Neither side would address the financial details of the bout because of a confidentiality clause in their agreement, although most assume Mayweather's side is getting the lion's share.

"Nobody is bummed out about the deal," White said.

It might seem a stretch to think the fight will surpass the economic success -- including a record 4.6 million pay-per-view buys -- of the long-awaited Mayweather-Pacquiao fight (which dramatically failed to live up to the hype), but they made the case that it could.

"This has a different kind of feel," Ellerbe said. "This is more of a mainstream global event. This is something the fans want to see. [McGregor has] done a tremendous job promoting himself, and Dana has done a tremendous job promoting him, and he's the biggest star in his sport. And we all know what Floyd brings to the table. The fans are the ones who demanded it.

"When the fans are demanding the fight, you got to figure it out and get it done. It's a total different feel from the Pacquiao fight. It's an unknown factor."

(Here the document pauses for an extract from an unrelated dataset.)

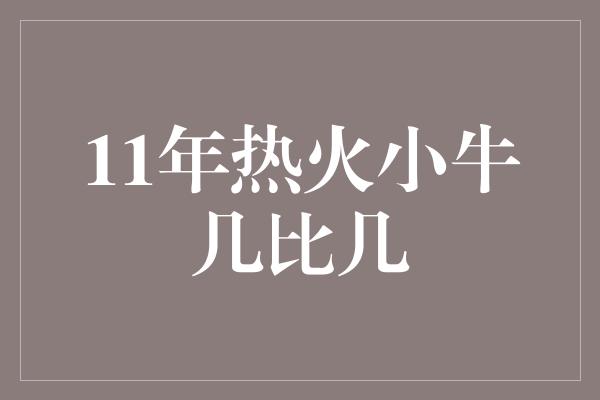 11年热火小牛几比几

"Yes, of course, why not," Ellerbe said of the fight's chances of reaching at least $500 million in revenue. "With Mayweather-Pacquiao, that was a fight the fans had been talking about for years. There's not one place I go to or Floyd goes to or anyone affiliated or associated with Floyd Mayweather goes who doesn't get asked, 'Are you going to fight Conor McGregor?' This is a very, very hot fight. This is a fight the fans want. This is going to be a tremendous event."

Espinoza was closely involved in putting together Mayweather-Pacquiao and said he thinks Mayweather-McGregor could do better than that fight.

"We're not only drawing fans from the universe of boxing fans or the universe of MMA fans, but this fight taps into the audience who doesn't follow either sport," he said. "It's such a spectacle. People not interested in either of these guys are interested in this fight. That was untapped for Mayweather-Pacquiao."